Décider qui fera partie du groupe de dix étudiants en présentiel pour cette rentrée est une décision complexe à réaliser pour les universités: d'une part, il n'est pas toujours évident de savoir quel élève est en réelle difficulté; d'autre part, ce faible effectif de dix amènera à faire un choix parmi les étudiants caractérisés de "fragiles". "Dix personnes par travaux dirigés pour toutes les personnes qui sont à risque, cela pourrait poser un petit problème d'équité", souligne sur BFMTV Paul Mayaux, président de la fédération des associations générales étudiantes (Fage).

Cibler les étudiants demande un travail conséquent pour savoir qui peut figurer parmi les dix élus de chaque groupe", explique dans Le Monde Anne Roger, cosecrétaire générale du syndicat enseignant Snesup-FSU. "Il s’agit d’une mesure sociale, nous sommes d’accord, mais qui n’a rien à voir avec l’enseignement et le décrochage vécu par les étudiants".

Sur BFMTV, Frédérique Vidal précise d'ailleurs que ces derniers mois "on a beaucoup d'étudiants qui manifestent un très fort mal-être" et que dans certains établissements, "on a une augmentation de plus de 30% des consultations en psychologie".

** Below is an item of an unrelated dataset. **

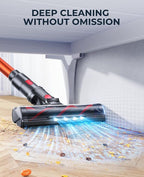 Cordless Vacuum Cleaner, 550W 45KPA Cordless Stick Vacuum Cleaner with 60Mins Rechargeable Battery, LED Touch Display, Handheld Vacuum Cleaners for Home/Pet Hair/Carpets/Floors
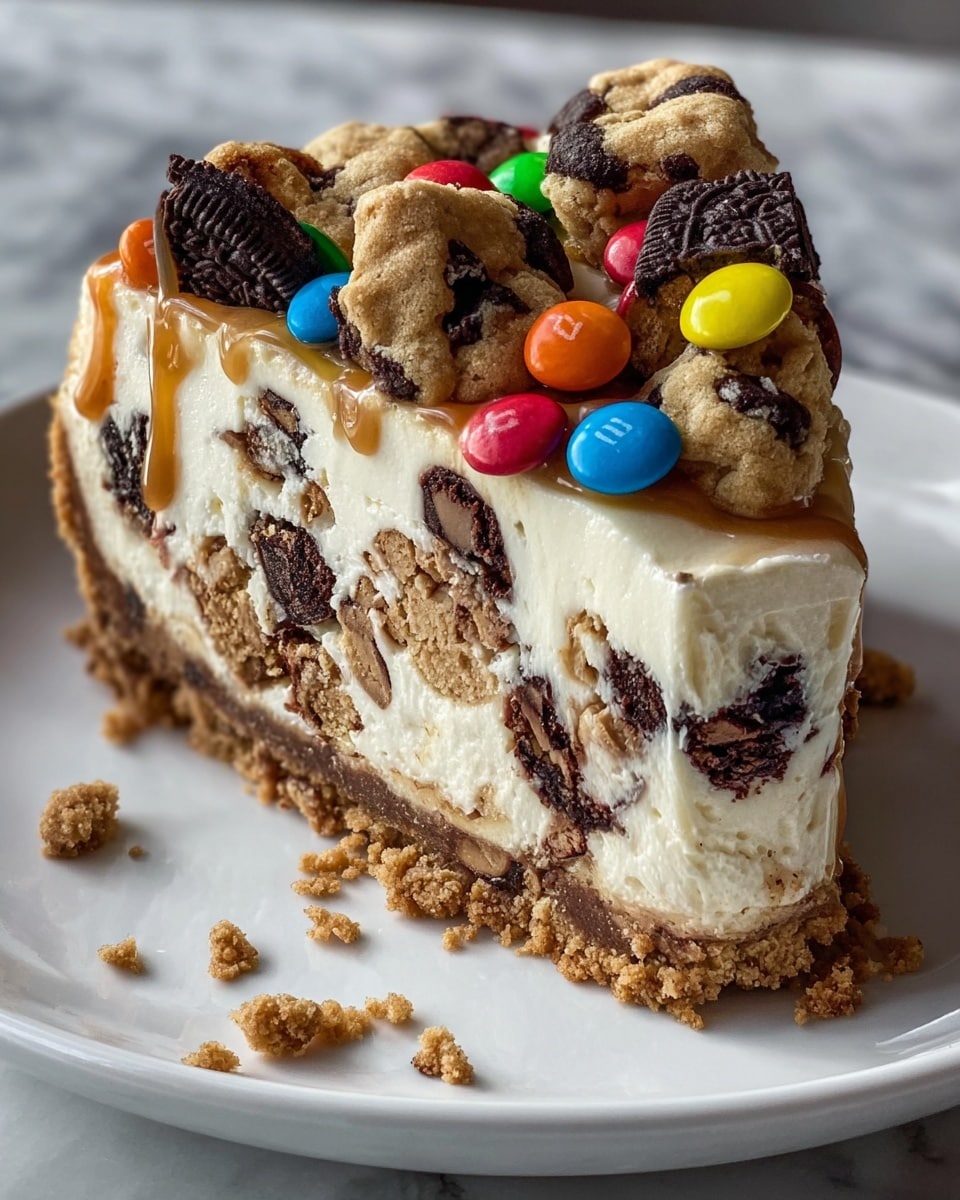 A slice of dessert with three clear layers sits on a white plate over a white marbled surface. The bottom layer is a dense, crumbly cookie crust in light brown with a rough texture. The thick middle layer is creamy white cheesecake filled with chunks of dark brown chocolate cookies and bits of cookie dough. The top layer is decorated with large pieces of chocolate chip cookie dough, small chunks of chocolate cookies, and colorful candy-coated chocolates in red, green, yellow, blue, orange, and brown. Drizzled lightly on top is a smooth caramel sauce. Few crumbs lie scattered on the plate near the slice. Photo taken with an iphone --ar 4:5 --v 7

"Nous recevons un flot croissant de messages d’alerte de la part des étudiant.e.s, et leurs représentants", déclarait début décembre à La Dépêche le directeur de Sciences-Po Toulouse Olivier Brossard, au sujet de "la situation de grande détresse psychologique" d'étudiants de plus en plus nombreux. "Le manque d’échanges avec leurs enseignants leur pèse manifestement beaucoup", expliquait-il.

Des jauges plus élevées dans les semaines à venir?

Certaines universités n'ont pas appelé au présentiel pour cette rentrée. L'Université Rennes 1 par exemple parle d'un "maintien des cours à distance" sur son site, au moins du 4 au 15 janvier. Seuls "certains examens et travaux pratiques" seront autorisés. La reprise des cours en présentiel n'est envisagée qu'à partir du 18 janvier, "sous réserve de l'évolution de la situation sanitaire". A Toulouse 2, la présidence de l'université a annoncé aux étudiants que les enseignements en distanciel le resteront pendant le mois de janvier, selon des informations de l'AFP.

A Lyon 3, les cours ne reprendront que le 11. Seront alors accueillis des étudiants de première année "selon des modalités pas encore fixées" et des "étudiants en situation de handicap", a indiqué l'université à l'AFP.

"La prochaine étape, ce serait de faire revenir l'ensemble des étudiants de première année, avec des jauges à 30% ou à 50%", explique la ministre. "On sera capable de le faire lorsqu'on aura regardé ce que donnent ces premiers retours à l'université".